RECORDS FOR THE EXERCISE section start

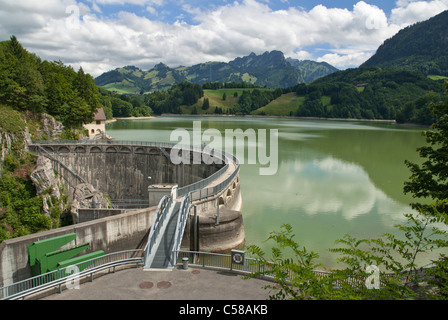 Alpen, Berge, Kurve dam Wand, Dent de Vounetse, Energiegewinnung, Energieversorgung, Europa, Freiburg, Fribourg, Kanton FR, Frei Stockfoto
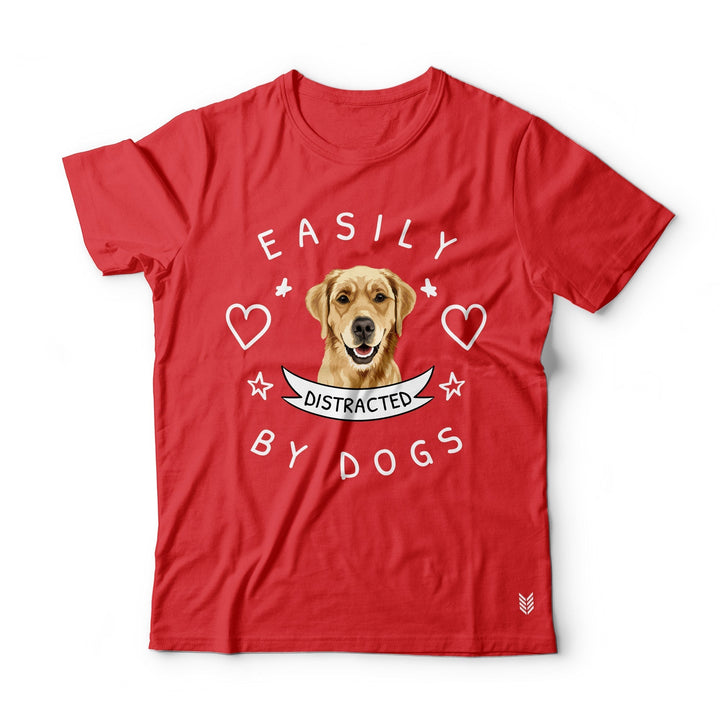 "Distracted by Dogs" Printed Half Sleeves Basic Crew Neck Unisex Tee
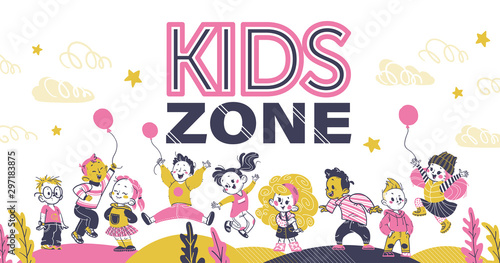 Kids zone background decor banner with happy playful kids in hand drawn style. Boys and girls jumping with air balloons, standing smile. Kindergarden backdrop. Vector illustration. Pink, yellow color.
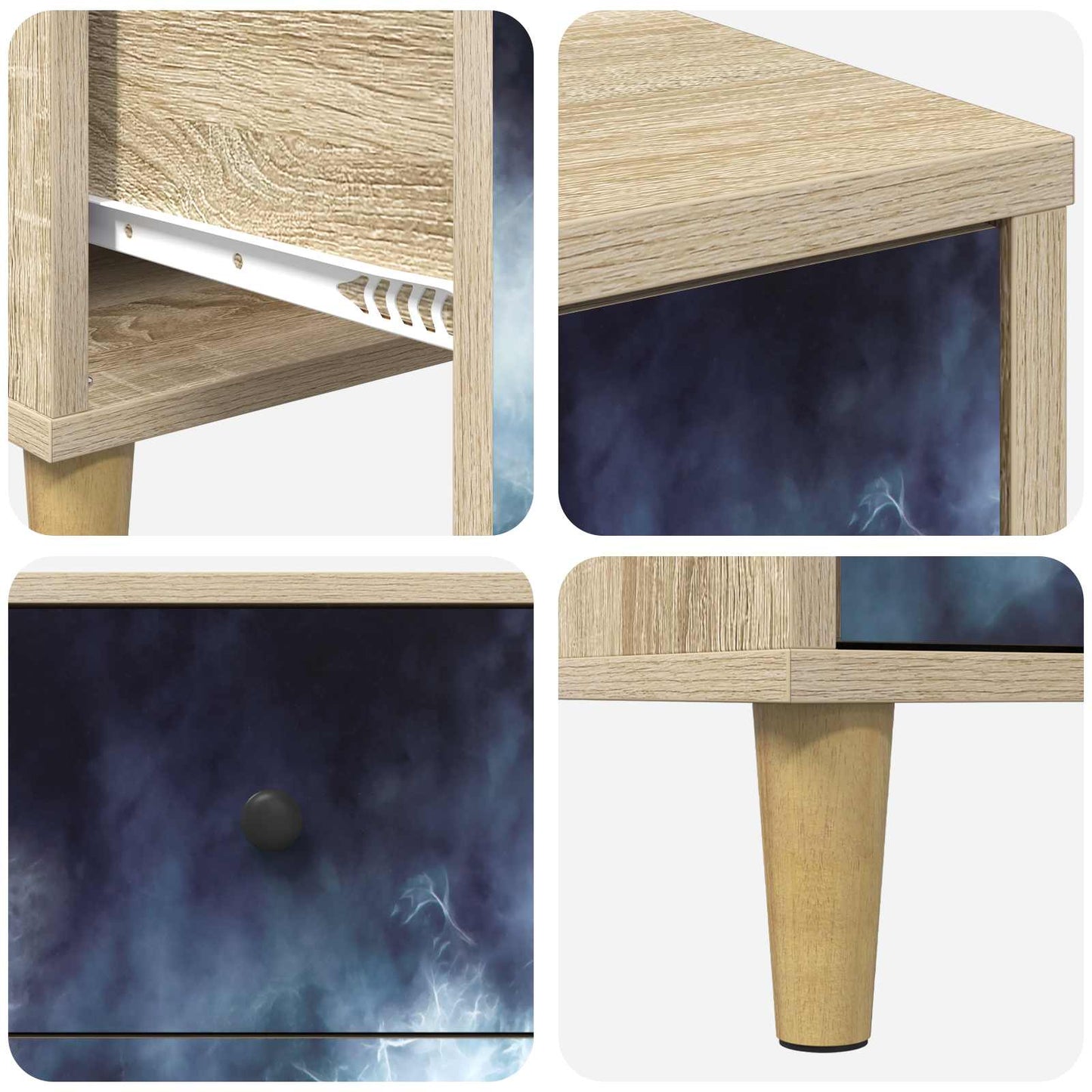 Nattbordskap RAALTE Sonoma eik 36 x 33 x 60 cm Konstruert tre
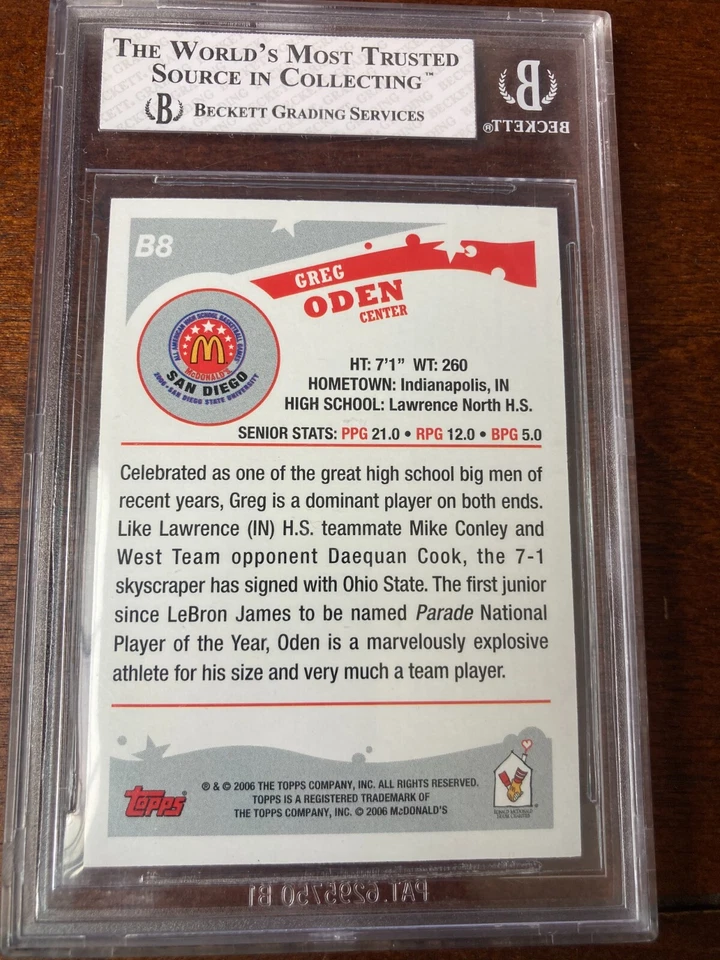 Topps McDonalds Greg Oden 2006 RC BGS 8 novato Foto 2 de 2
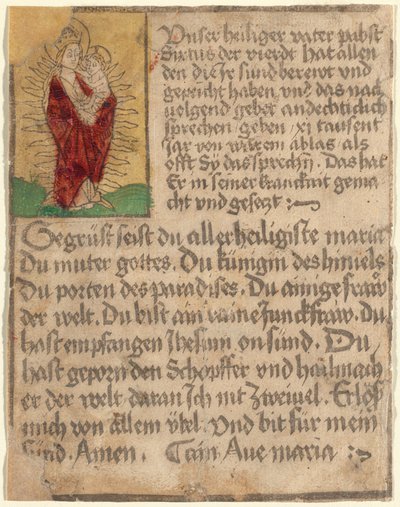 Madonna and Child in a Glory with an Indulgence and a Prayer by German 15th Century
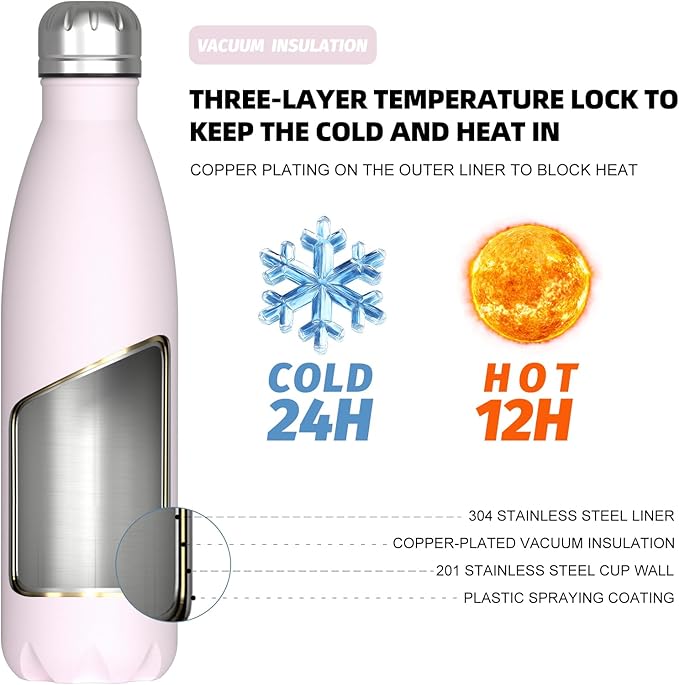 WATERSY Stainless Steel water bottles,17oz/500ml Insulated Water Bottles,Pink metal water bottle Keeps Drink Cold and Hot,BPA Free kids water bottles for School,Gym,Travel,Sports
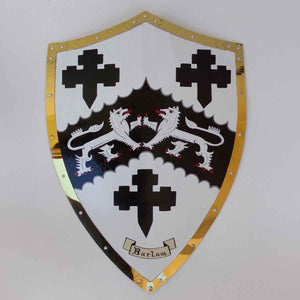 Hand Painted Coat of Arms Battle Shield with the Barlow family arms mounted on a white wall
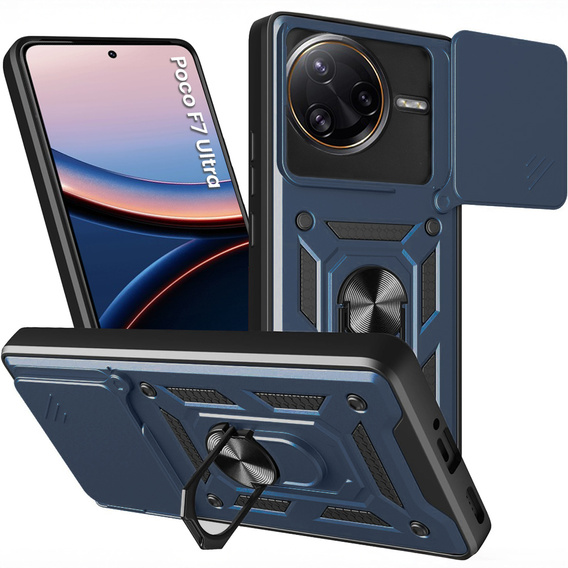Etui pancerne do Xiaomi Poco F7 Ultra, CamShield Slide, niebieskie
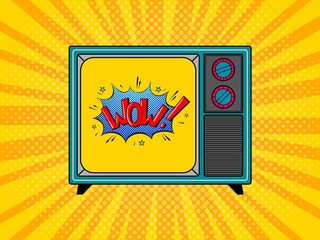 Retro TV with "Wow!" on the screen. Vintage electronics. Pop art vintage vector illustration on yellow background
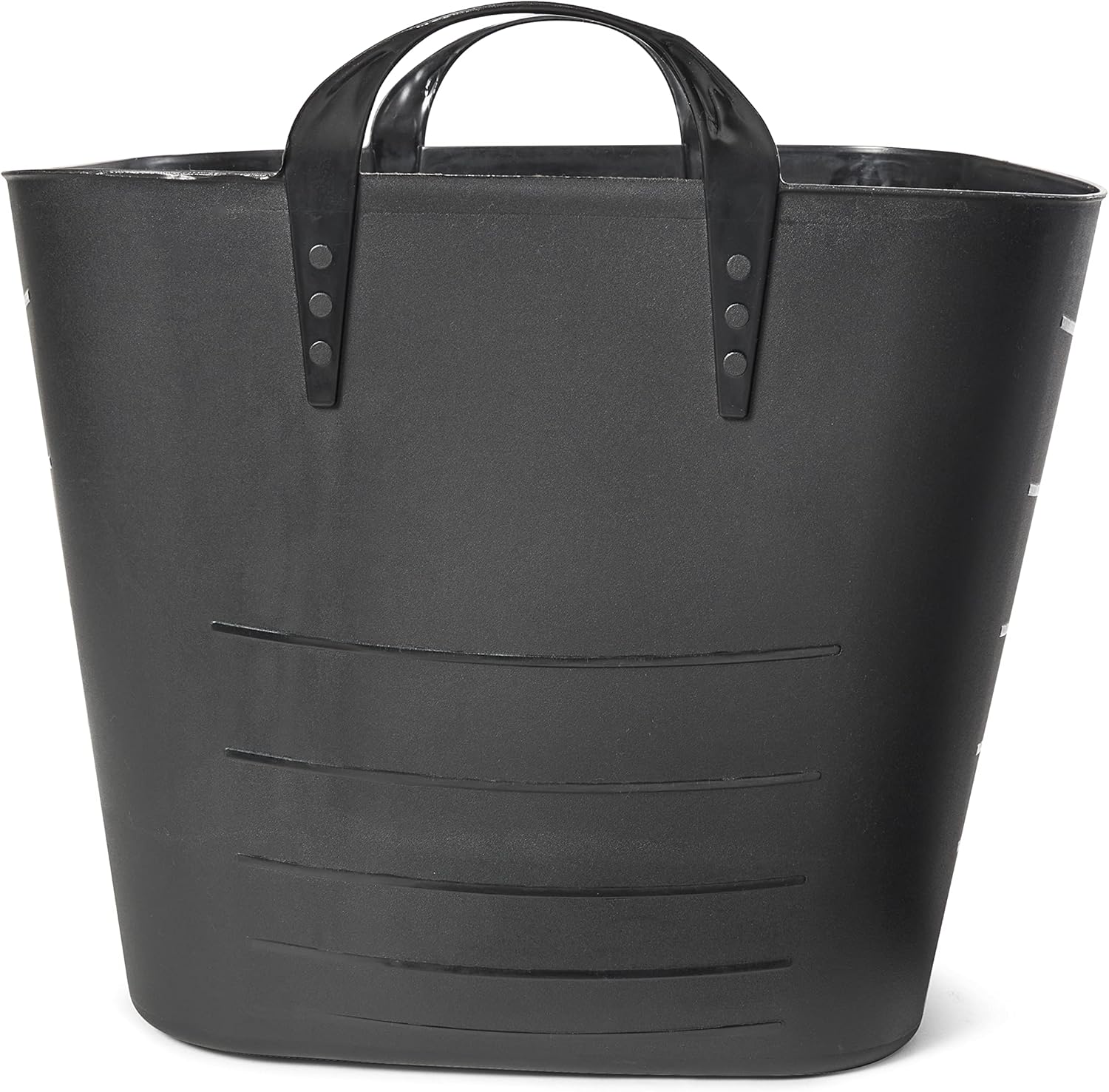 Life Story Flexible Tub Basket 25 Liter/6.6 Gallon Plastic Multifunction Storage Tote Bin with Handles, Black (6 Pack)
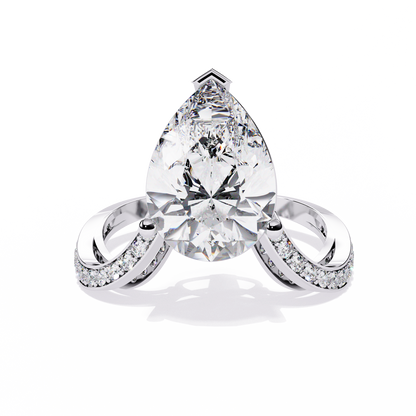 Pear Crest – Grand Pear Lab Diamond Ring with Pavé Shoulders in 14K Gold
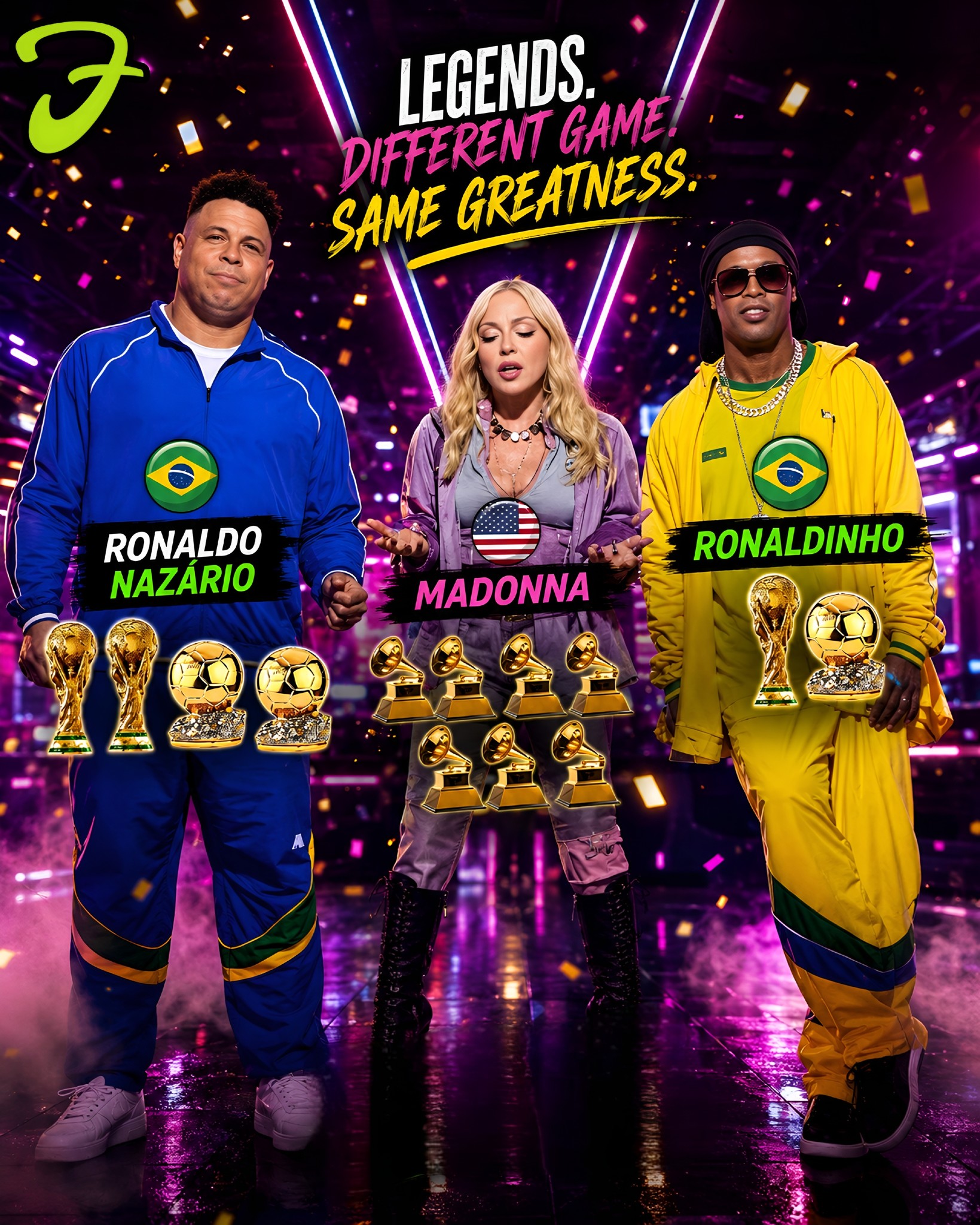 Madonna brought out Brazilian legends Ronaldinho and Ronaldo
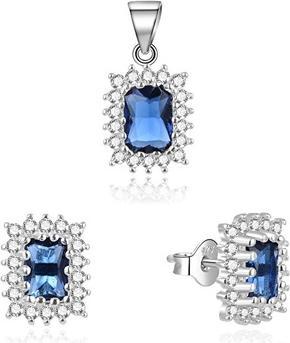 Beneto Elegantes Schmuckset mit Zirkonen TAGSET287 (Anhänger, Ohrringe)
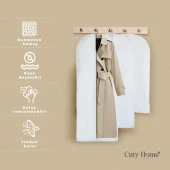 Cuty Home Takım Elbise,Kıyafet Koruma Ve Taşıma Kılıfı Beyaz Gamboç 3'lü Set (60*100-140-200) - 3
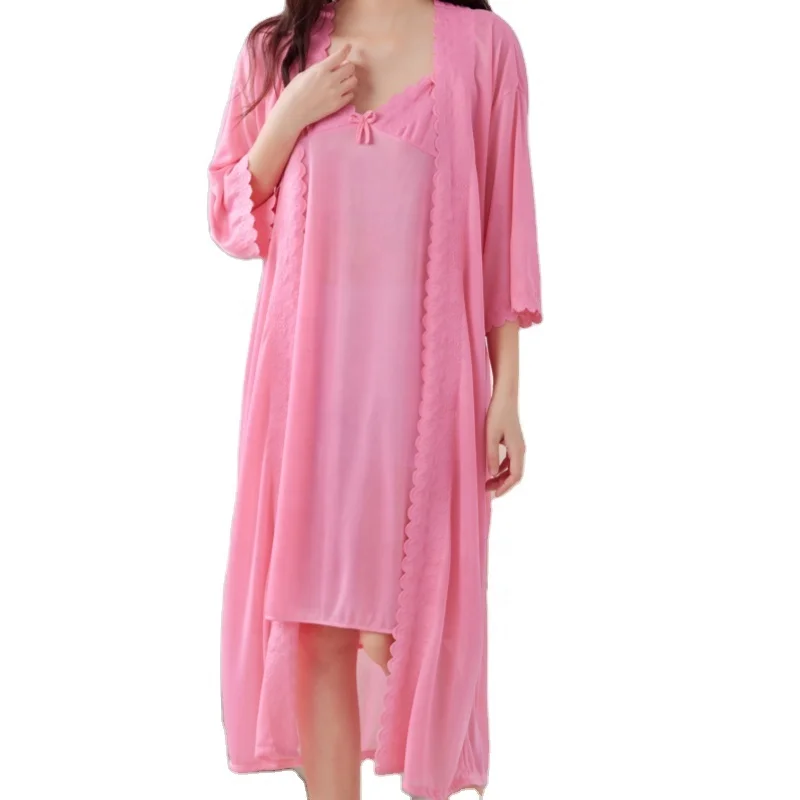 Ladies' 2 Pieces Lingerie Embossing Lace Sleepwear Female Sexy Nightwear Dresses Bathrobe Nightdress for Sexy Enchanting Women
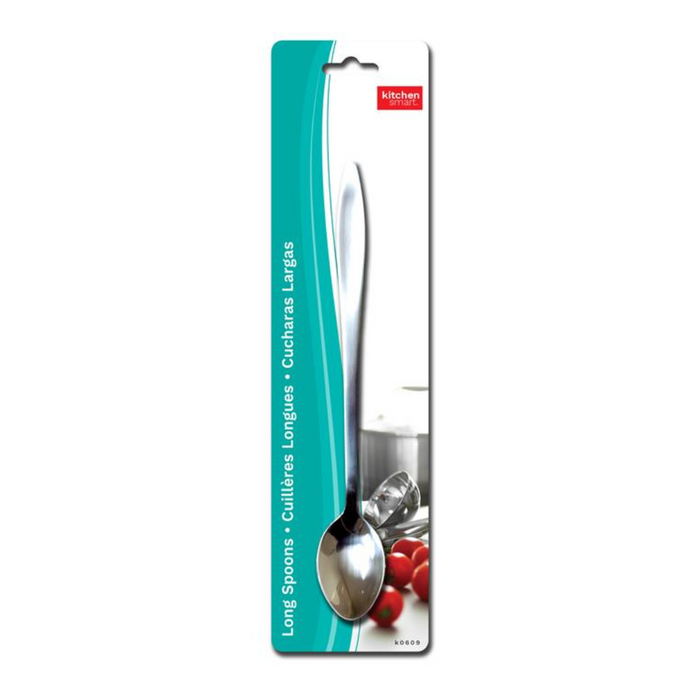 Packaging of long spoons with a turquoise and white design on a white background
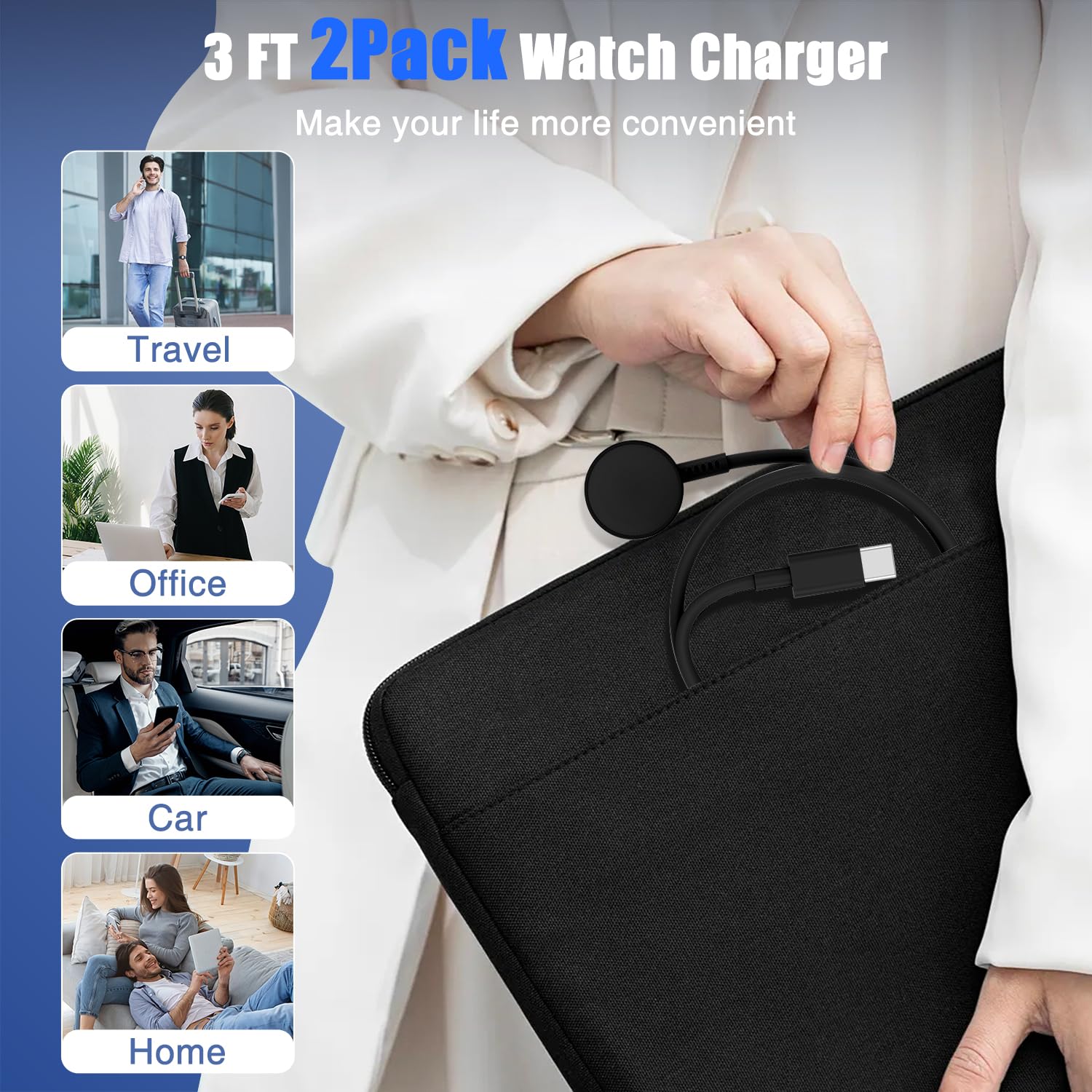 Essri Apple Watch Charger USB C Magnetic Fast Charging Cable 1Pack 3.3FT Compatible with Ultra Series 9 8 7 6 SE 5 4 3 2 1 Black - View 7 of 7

RECORDS FOR THE EXERCISE section end

— ASSIGNMENT —
Reproduce the data above word for word, but leave the images out.

— RESPONSE BELOW —
 Alpen, Berge, Kurve dam Wand, Dent de Vounetse, Energiegewinnung, Energieversorgung, Europa, Freiburg, Fribourg, Kanton FR, Frei Stockfoto
 "Distracted by Dogs" Printed Half Sleeves Basic Crew Neck Unisex Tee
 Kids zone background decor banner with happy playful kids in hand drawn style. Boys and girls jumping with air balloons, standing smile. Kindergarden backdrop. Vector illustration. Pink, yellow color.
 Nattbordskap RAALTE Sonoma eik 36 x 33 x 60 cm Konstruert tre
 Topps McDonalds Greg Oden 2006 RC BGS 8 novato Foto 2 de 2
 Madonna and Child in a Glory with an Indulgence and a Prayer by German 15th Century
 WATERSY Stainless Steel water bottles,17oz/500ml Insulated Water Bottles,Pink metal water bottle Keeps Drink Cold and Hot,BPA Free kids water bottles for School,Gym,Travel,Sports
 Hand Painted Coat of Arms Battle Shield with the Barlow family arms mounted on a white wall
Etui pancerne do Xiaomi Poco F7 Ultra, CamShield Slide, niebieskie
 Retro TV with "Wow!" on the screen. Vintage electronics. Pop art vintage vector illustration on yellow background
 Life Story Flexible Tub Basket 25 Liter/6.6 Gallon Plastic Multifunction Storage Tote Bin with Handles, Black (6 Pack)
 Pear Crest – Grand Pear Lab Diamond Ring with Pavé Shoulders in 14K Gold
 Madonna brought out Brazilian legends Ronaldinho and Ronaldo
 Beneto Elegantes Schmuckset mit Zirkonen TAGSET287 (Anhänger, Ohrringe)
 Cuty Home Takım Elbise,Kıyafet Koruma Ve Taşıma Kılıfı Beyaz Gamboç 3'lü Set (60*100-140-200) - 3
 Ladies' 2 Pieces Lingerie Embossing Lace Sleepwear Female Sexy Nightwear Dresses Bathrobe Nightdress for Sexy Enchanting Women
 Packaging of long spoons with a turquoise and white design on a white background
 Essri Apple Watch Charger USB C Magnetic Fast Charging Cable 1Pack 3.3FT Compatible with Ultra Series 9 8 7 6 SE 5 4 3 2 1 Black - View 7 of 7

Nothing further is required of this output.